El bordado como poesía: Gimena Romero invita a leer el mundo con las manos
8/6/26. Entrevistamos a Gimena Romero, artista y escritora de Ciudad de México en el marco de su participación en Casa de América en el Festival LEER Iberoamérica para hablar de poesía, arte y bordado. Para Romero, el bordado “tiene su propio idioma”, aunque ese idioma no sea verbal: “sería el silencio”.
Ese silencio, dice, es el espacio necesario “para que un poema pueda ser poesía”, para que exista ritmo y para sostener la vida.
Su obra entiende el hilo como una forma de memoria: “el hilo habla solo de una cosa: el hilo habla de la bordadora”.

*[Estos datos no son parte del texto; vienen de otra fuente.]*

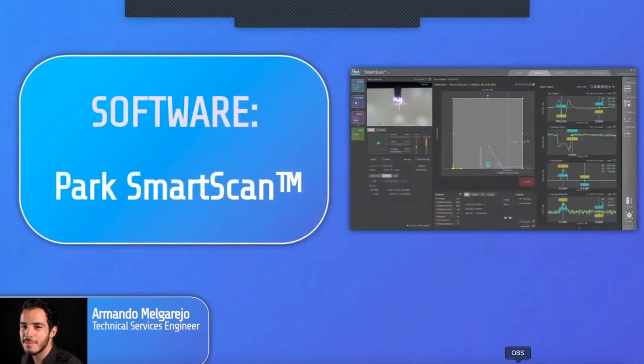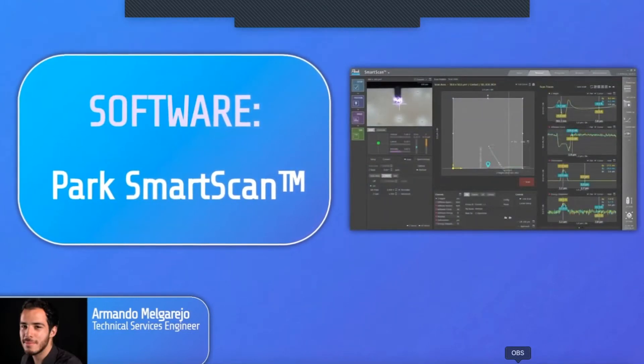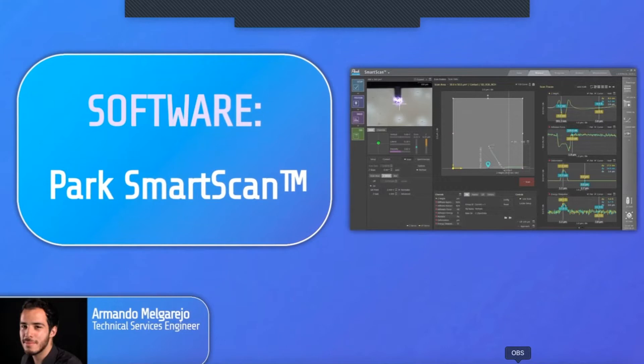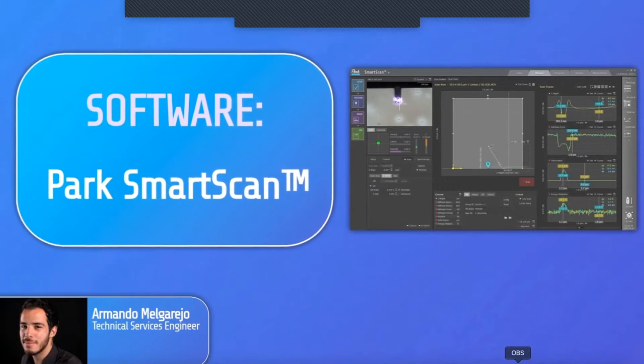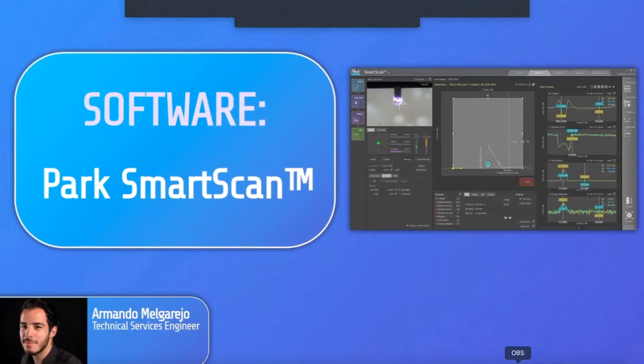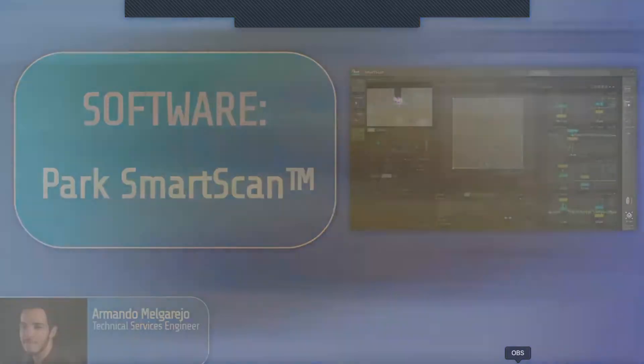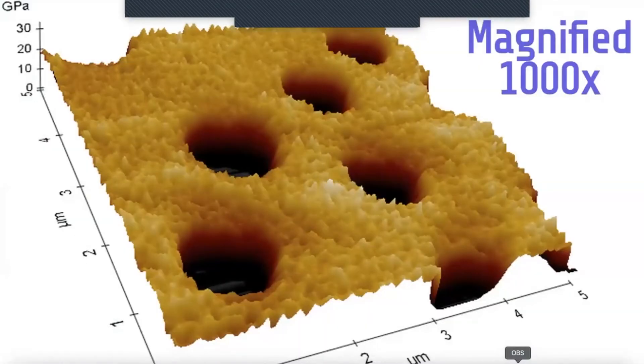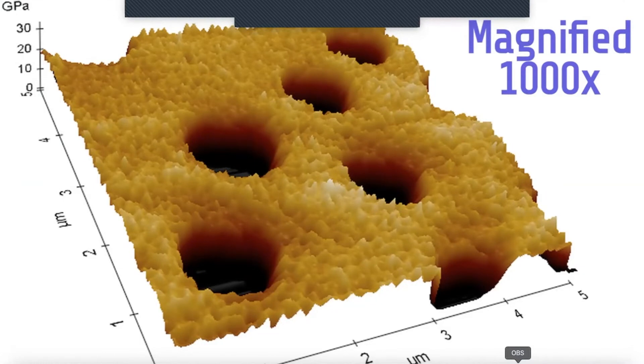The operating software on this AFM is called Park SmartScan. It incorporates many automatic features, which makes it the easiest to use AFM system on the market. With Park SmartScan, even novices can obtain high-quality AFM images with the push of just three buttons.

A través del bordado, los territorios dejan de ser fronteras artificiales y se convierten en “espacios vivos” que suceden cuando se comparten.

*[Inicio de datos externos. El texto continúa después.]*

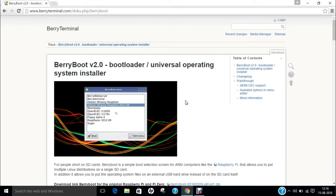Hello researchers, how are you? I hope you are fine and doing well. In this video I will be demonstrating how to install BerryBoot version 2.0 bootloader/universal operating system installer on Raspberry Pi 2.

Romero defiende que las técnicas ancestrales solo permanecen vivas si se actualizan: “no tiene sentido que sigamos bordando al estilo victoriano en un mundo que ya no es victoriano”. Para ella, bordado y poesía comparten ritmo, luz y “silencio fértil”, porque lo que aparece sobre la tela es la evidencia de que “algo sagrado sucedió en la creadora”.
Frente a una lectura limitada a la palabra, reivindica leer también con las manos: el bordado llega a lugares “que ni siquiera necesitan ser nombrados”. Así, cada puntada hacia fuera es también una puntada hacia dentro, allí donde la palabra ya no alcanza.